(RECORDS SHOWN)

=-=-=-=-=

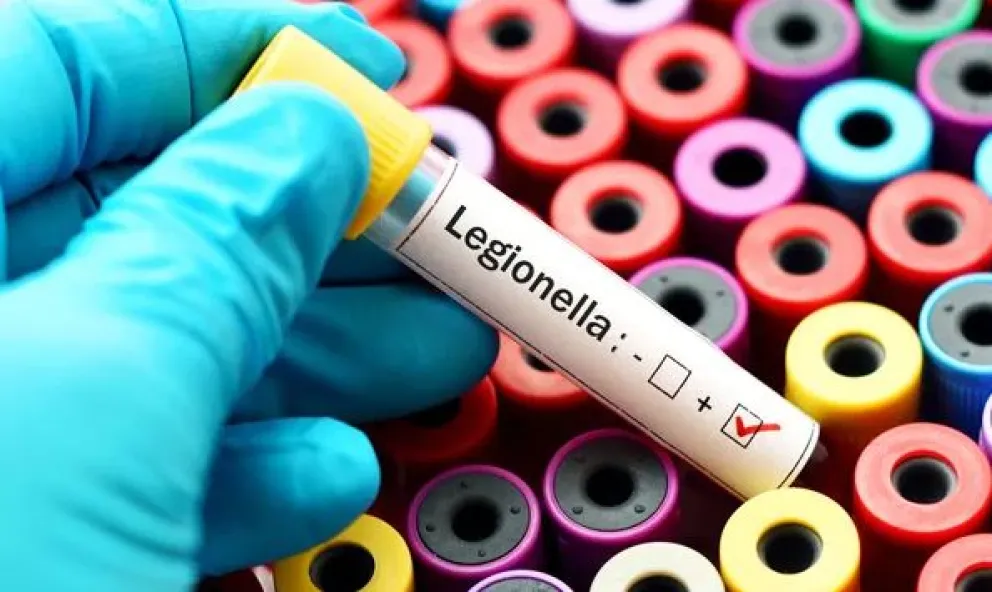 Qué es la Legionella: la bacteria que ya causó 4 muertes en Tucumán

=-=-=-=-=

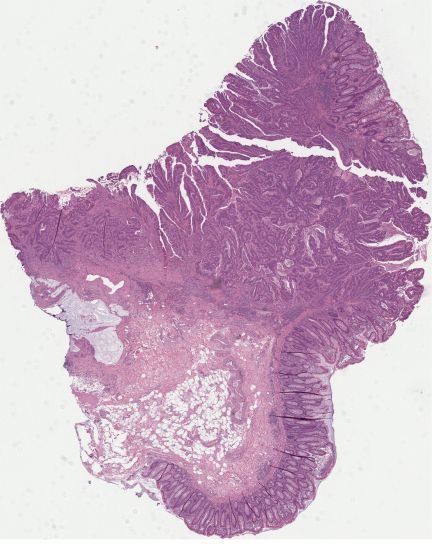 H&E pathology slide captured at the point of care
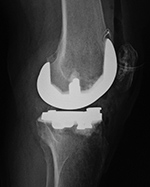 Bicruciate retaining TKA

=-=-=-=-=

From the records above, transcribe exactly the lines starting at the one containing "H&E pathology slide" and ending at the one containing "Bicruciate retaining TKA". Skip the pictures.

(ANSWER TO THIS TASK)
 H&E pathology slide captured at the point of care
 Bicruciate retaining TKA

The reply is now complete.